** DATA FOR THE TASK follows **
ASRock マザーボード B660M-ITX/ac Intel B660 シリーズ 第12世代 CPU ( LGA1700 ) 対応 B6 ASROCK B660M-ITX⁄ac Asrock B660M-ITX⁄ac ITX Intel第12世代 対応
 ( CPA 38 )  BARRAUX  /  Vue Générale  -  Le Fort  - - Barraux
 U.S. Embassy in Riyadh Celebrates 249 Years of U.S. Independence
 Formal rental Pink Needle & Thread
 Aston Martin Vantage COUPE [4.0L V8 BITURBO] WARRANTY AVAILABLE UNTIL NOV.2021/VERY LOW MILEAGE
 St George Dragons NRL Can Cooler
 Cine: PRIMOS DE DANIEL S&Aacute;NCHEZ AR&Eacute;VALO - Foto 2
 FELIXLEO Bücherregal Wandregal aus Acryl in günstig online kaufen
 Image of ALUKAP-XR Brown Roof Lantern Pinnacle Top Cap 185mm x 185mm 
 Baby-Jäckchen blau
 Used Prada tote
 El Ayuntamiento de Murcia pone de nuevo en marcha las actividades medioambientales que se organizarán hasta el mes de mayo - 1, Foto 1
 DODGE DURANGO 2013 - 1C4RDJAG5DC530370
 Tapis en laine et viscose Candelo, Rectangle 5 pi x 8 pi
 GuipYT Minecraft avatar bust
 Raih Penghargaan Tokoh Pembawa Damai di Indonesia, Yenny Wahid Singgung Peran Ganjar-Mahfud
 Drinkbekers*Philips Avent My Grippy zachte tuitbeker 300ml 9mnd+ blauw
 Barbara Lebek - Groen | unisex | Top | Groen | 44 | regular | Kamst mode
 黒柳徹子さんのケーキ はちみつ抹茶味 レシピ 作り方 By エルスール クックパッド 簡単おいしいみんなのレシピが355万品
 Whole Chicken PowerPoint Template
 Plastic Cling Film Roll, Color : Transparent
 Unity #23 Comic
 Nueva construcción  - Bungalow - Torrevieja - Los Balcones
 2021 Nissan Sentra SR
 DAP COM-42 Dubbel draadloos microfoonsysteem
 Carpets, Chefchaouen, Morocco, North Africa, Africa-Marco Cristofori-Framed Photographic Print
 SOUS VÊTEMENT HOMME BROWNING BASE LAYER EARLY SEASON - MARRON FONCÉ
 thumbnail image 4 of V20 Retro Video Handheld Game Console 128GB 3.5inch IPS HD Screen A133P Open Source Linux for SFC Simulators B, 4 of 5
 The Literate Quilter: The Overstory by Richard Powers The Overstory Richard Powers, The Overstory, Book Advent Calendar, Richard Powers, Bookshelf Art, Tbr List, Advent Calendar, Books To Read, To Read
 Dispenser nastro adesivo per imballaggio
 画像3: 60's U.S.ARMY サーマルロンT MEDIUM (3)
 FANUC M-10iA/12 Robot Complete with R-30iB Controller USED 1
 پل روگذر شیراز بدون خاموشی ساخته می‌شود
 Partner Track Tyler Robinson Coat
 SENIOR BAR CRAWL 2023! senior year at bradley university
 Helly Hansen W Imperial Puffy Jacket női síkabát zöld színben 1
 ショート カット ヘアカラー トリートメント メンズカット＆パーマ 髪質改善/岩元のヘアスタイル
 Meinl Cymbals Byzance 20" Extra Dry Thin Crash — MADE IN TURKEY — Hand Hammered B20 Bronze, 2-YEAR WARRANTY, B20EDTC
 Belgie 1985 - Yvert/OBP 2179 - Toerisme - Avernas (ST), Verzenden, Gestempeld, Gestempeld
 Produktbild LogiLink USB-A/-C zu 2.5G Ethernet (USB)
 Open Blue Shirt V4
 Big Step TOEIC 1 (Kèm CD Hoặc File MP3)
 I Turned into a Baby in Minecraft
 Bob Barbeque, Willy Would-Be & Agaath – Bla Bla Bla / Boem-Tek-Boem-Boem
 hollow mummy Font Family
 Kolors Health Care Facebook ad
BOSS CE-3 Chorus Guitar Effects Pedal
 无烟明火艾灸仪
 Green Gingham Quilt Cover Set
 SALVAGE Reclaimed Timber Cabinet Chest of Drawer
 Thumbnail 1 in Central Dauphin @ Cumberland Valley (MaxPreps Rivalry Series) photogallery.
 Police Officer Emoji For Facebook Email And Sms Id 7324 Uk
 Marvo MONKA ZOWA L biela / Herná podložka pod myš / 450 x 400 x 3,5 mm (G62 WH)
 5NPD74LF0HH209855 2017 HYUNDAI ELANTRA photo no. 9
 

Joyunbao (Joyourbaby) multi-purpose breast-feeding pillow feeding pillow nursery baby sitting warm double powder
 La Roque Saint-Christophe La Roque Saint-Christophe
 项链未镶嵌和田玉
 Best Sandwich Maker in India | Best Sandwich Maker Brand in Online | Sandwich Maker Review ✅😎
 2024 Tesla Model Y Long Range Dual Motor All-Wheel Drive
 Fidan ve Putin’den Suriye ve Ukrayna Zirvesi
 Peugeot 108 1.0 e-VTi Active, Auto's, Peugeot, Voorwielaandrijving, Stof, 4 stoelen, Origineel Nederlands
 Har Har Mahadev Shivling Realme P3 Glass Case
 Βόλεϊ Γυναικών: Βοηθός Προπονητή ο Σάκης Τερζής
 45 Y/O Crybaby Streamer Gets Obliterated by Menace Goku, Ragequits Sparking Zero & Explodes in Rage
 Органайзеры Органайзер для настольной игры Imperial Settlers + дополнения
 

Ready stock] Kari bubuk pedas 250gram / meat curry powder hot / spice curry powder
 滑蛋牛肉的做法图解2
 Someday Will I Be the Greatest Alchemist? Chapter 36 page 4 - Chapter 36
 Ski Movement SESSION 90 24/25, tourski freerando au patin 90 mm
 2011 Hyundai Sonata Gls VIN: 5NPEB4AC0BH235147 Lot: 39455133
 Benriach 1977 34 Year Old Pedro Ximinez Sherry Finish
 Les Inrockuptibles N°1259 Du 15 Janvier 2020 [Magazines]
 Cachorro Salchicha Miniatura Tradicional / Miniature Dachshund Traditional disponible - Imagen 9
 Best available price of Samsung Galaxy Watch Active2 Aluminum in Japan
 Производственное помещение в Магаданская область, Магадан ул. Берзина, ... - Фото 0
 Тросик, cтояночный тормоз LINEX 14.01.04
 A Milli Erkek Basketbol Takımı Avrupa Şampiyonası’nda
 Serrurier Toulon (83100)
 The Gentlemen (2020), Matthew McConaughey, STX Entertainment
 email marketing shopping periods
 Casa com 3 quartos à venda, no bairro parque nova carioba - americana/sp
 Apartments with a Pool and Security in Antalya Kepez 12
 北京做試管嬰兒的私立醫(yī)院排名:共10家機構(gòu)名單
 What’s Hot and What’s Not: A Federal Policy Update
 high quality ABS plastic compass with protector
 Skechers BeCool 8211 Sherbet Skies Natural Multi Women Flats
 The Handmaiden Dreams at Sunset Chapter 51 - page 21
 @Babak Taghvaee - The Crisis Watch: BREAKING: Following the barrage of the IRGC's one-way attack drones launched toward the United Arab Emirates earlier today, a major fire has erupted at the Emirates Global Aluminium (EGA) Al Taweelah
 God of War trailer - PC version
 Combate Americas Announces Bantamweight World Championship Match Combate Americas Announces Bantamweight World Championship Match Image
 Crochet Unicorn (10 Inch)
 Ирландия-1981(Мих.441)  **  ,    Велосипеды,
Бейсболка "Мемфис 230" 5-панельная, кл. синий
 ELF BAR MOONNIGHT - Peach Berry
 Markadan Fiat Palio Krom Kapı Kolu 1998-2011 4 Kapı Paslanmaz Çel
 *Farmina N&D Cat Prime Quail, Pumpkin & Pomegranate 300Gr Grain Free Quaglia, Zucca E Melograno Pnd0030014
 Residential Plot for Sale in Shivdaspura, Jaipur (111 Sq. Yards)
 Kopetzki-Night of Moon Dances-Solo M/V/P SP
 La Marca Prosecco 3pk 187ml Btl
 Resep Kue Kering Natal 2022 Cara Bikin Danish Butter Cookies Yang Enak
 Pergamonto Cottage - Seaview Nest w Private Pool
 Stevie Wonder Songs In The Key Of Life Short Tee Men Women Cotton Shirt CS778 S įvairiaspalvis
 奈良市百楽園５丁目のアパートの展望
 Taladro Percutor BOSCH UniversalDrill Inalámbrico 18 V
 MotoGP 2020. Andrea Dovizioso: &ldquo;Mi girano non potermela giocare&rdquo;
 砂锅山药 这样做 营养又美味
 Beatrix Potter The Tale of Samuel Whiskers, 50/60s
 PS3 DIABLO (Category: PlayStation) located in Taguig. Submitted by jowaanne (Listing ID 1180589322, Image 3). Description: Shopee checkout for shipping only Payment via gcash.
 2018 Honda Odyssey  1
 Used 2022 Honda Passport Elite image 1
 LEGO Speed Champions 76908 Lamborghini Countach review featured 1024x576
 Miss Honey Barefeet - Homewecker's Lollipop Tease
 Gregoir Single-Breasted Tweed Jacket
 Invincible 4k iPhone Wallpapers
** End of DATA FOR THE TASK **
» TASK INSTRUCTIONS:
Please transcribe word for word the lines from the line with "Stevie Wonder Songs" to the end of the material, both ends included.

» EXERCISE RESPONSE:
 Stevie Wonder Songs In The Key Of Life Short Tee Men Women Cotton Shirt CS778 S įvairiaspalvis
 奈良市百楽園５丁目のアパートの展望
 Taladro Percutor BOSCH UniversalDrill Inalámbrico 18 V
 MotoGP 2020. Andrea Dovizioso: &ldquo;Mi girano non potermela giocare&rdquo;
 砂锅山药 这样做 营养又美味
 Beatrix Potter The Tale of Samuel Whiskers, 50/60s
 PS3 DIABLO (Category: PlayStation) located in Taguig. Submitted by jowaanne (Listing ID 1180589322, Image 3). Description: Shopee checkout for shipping only Payment via gcash.
 2018 Honda Odyssey  1
 Used 2022 Honda Passport Elite image 1
 LEGO Speed Champions 76908 Lamborghini Countach review featured 1024x576
 Miss Honey Barefeet - Homewecker's Lollipop Tease
 Gregoir Single-Breasted Tweed Jacket
 Invincible 4k iPhone Wallpapers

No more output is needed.